Top of Data for this task

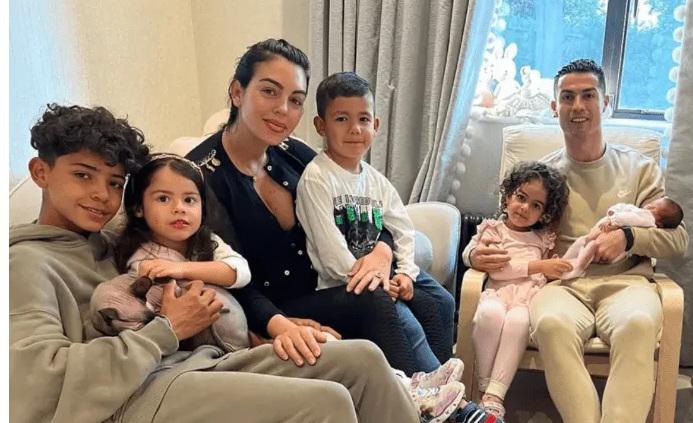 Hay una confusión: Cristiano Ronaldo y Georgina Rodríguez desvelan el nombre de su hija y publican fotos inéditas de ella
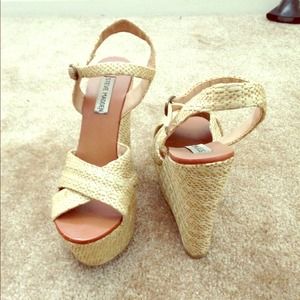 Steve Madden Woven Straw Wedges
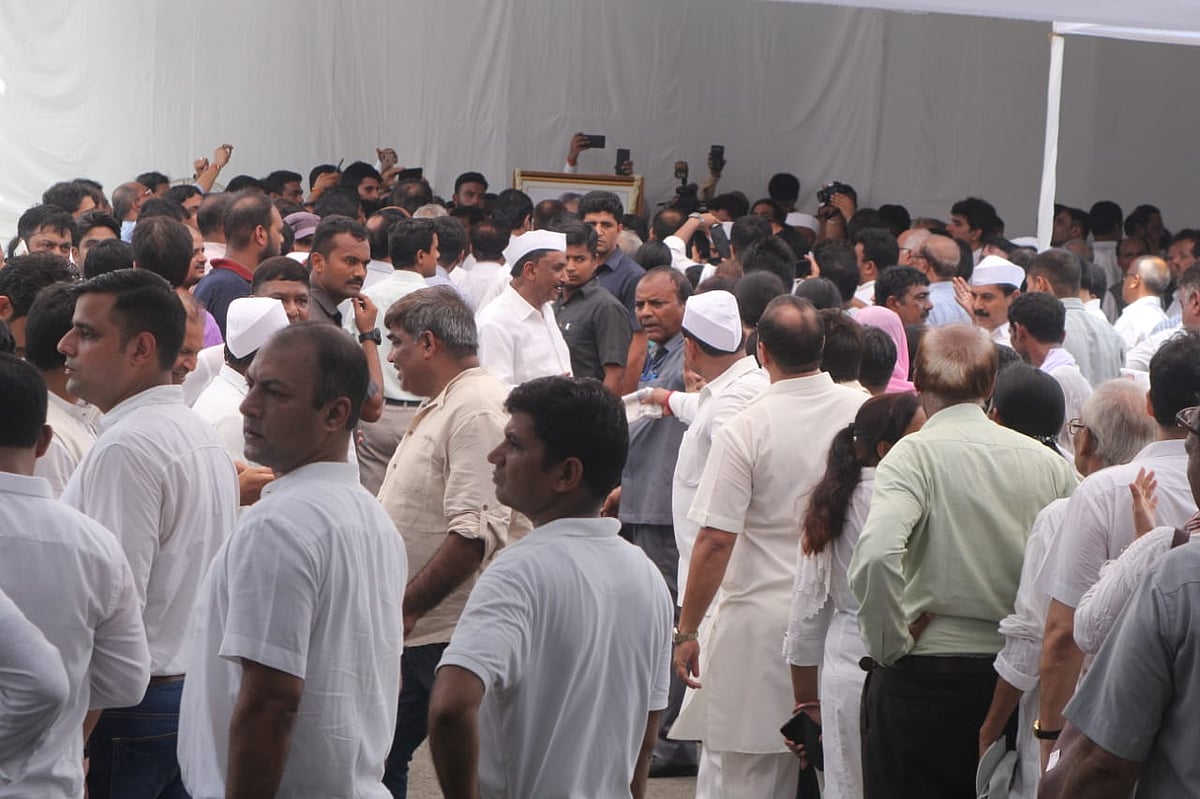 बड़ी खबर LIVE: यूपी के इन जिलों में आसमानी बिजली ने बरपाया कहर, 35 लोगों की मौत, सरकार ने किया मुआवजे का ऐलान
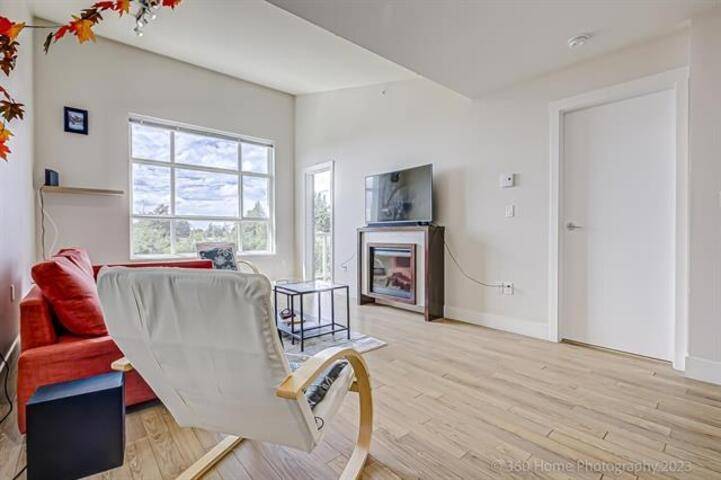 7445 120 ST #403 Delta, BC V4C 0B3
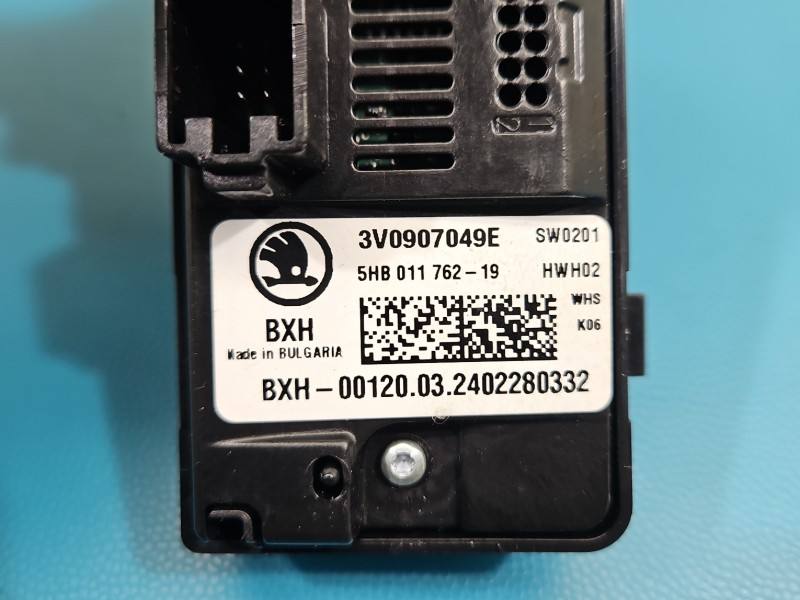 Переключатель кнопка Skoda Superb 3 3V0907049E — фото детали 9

Bottom of Data for this task

*Try it:* For this exercise, set down exactly the lines that run from the line holding "7445 120 ST #403 Delta, BC V4C 0B3" to the last line of the records above; include both end lines and omit pictures.

*Reply:*
 7445 120 ST #403 Delta, BC V4C 0B3
 Переключатель кнопка Skoda Superb 3 3V0907049E — фото детали 9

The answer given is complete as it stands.